■ **Work required**
Your reply should hold exactly the lines from the one that contains "zaslepka skrotu video" through the end of the data. Repeat them word for word.

■ **Given records**

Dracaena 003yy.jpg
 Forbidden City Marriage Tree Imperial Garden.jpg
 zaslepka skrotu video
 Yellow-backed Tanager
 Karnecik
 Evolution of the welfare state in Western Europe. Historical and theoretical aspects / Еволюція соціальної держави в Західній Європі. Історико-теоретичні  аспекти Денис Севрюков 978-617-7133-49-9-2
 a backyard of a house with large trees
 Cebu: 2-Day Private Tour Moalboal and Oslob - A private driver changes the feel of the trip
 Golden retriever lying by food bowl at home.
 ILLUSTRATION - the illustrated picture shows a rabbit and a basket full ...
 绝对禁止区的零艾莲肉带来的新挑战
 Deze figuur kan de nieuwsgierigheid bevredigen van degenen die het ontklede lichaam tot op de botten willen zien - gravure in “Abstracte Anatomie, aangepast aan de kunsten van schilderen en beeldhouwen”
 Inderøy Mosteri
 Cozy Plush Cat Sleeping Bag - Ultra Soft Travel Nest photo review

■ **Response to this task**
 zaslepka skrotu video
 Yellow-backed Tanager
 Karnecik
 Evolution of the welfare state in Western Europe. Historical and theoretical aspects / Еволюція соціальної держави в Західній Європі. Історико-теоретичні  аспекти Денис Севрюков 978-617-7133-49-9-2
 a backyard of a house with large trees
 Cebu: 2-Day Private Tour Moalboal and Oslob - A private driver changes the feel of the trip
 Golden retriever lying by food bowl at home.
 ILLUSTRATION - the illustrated picture shows a rabbit and a basket full ...
 绝对禁止区的零艾莲肉带来的新挑战
 Deze figuur kan de nieuwsgierigheid bevredigen van degenen die het ontklede lichaam tot op de botten willen zien - gravure in “Abstracte Anatomie, aangepast aan de kunsten van schilderen en beeldhouwen”
 Inderøy Mosteri
 Cozy Plush Cat Sleeping Bag - Ultra Soft Travel Nest photo review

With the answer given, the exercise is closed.